▸ Dataset extract
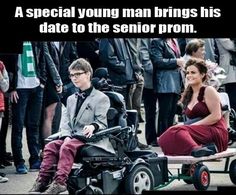 a man in a suit and tie sitting next to a woman in a wheel chair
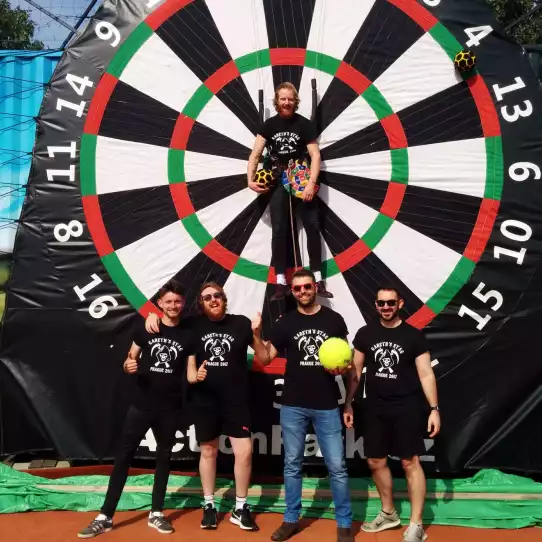 Group of friends after enjoying foot darts during their bachelor party in Prague with the groom to be in the middle of the target.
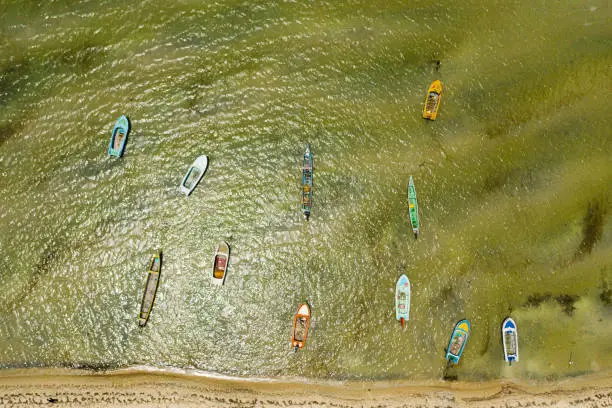 Photo of Aerial drone of Beach with fishing boats.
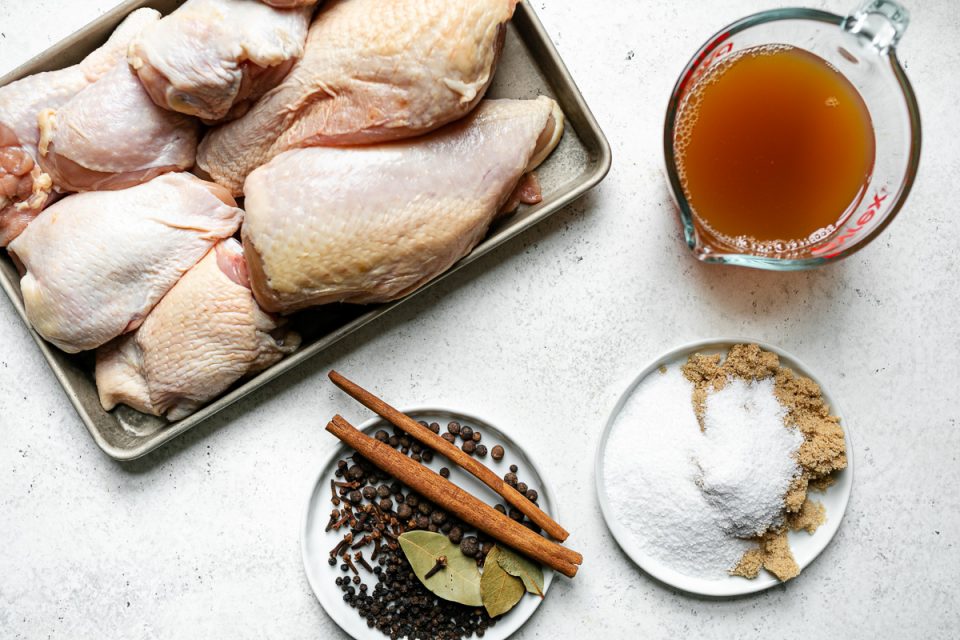 Apple Cider Chicken ingredients arranged on a white surface: a small sheet pan with bone-in skin-on chicken parts, apple cider, salt, brown sugar, whole cinnamon sticks, bay leaves, cloves, & allspice berries.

▸ Work to be completed
Print the full listing above again with exact wording and no images.

▸ Answer to the exercise
 a man in a suit and tie sitting next to a woman in a wheel chair
 Group of friends after enjoying foot darts during their bachelor party in Prague with the groom to be in the middle of the target.
 Photo of Aerial drone of Beach with fishing boats.
 Apple Cider Chicken ingredients arranged on a white surface: a small sheet pan with bone-in skin-on chicken parts, apple cider, salt, brown sugar, whole cinnamon sticks, bay leaves, cloves, & allspice berries.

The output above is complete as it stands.